▶ **WORK TO COMPLETE**
Your output should consist solely of the lines from the one holding "Ze bindt het" to the end of the records below, inclusive, reproduced exactly and free of pictures.
——
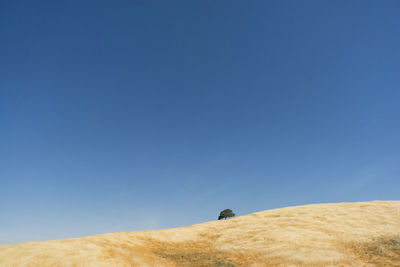 Low angle view of land against clear blue sky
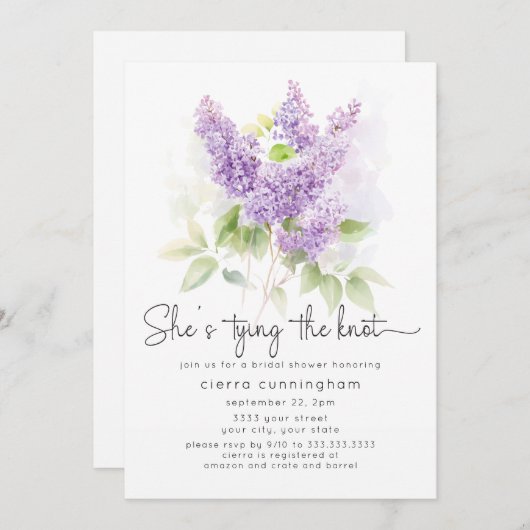 Ze bindt het Paarse Vrijgezellenfeest van de knoop Kaart (Voorkant / Achterkant)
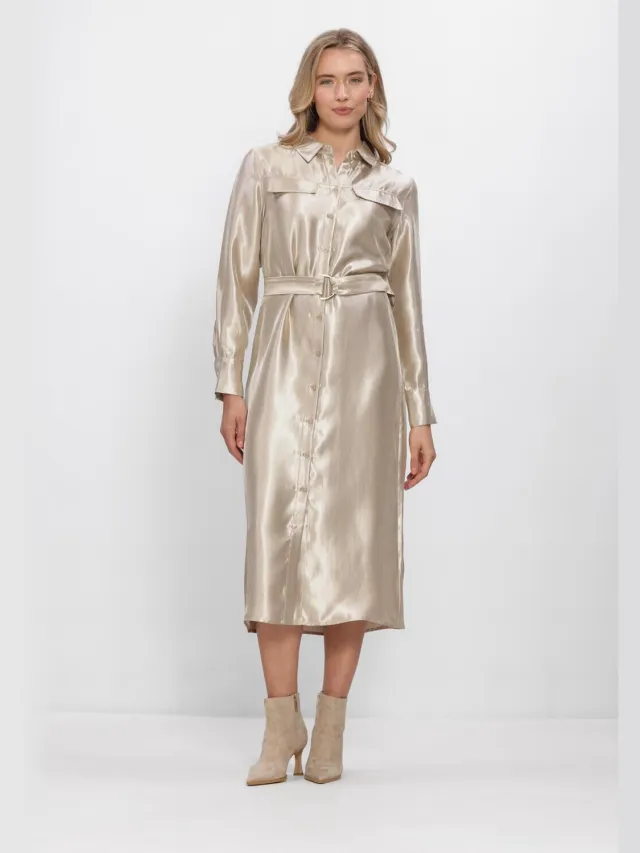 Freebird Dames Jurken Wv-shiny-twill-vis-26-1 - Goud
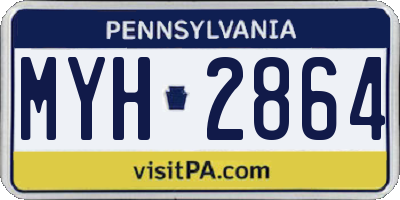 PA license plate MYH2864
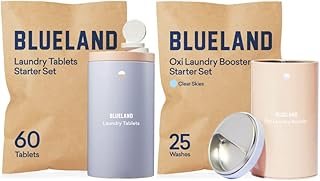BLUELAND Complete Laundry Starter Set | Laundry Detergent Tablet Set | Oxi Booster Powder Set | Plastic-Free & Eco Friendly | Natural, Gentle, Plant Based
——
▶ **ANSWER SECTION**
 Ze bindt het Paarse Vrijgezellenfeest van de knoop Kaart (Voorkant / Achterkant)
 Freebird Dames Jurken Wv-shiny-twill-vis-26-1 - Goud
 PA license plate MYH2864
BLUELAND Complete Laundry Starter Set | Laundry Detergent Tablet Set | Oxi Booster Powder Set | Plastic-Free & Eco Friendly | Natural, Gentle, Plant Based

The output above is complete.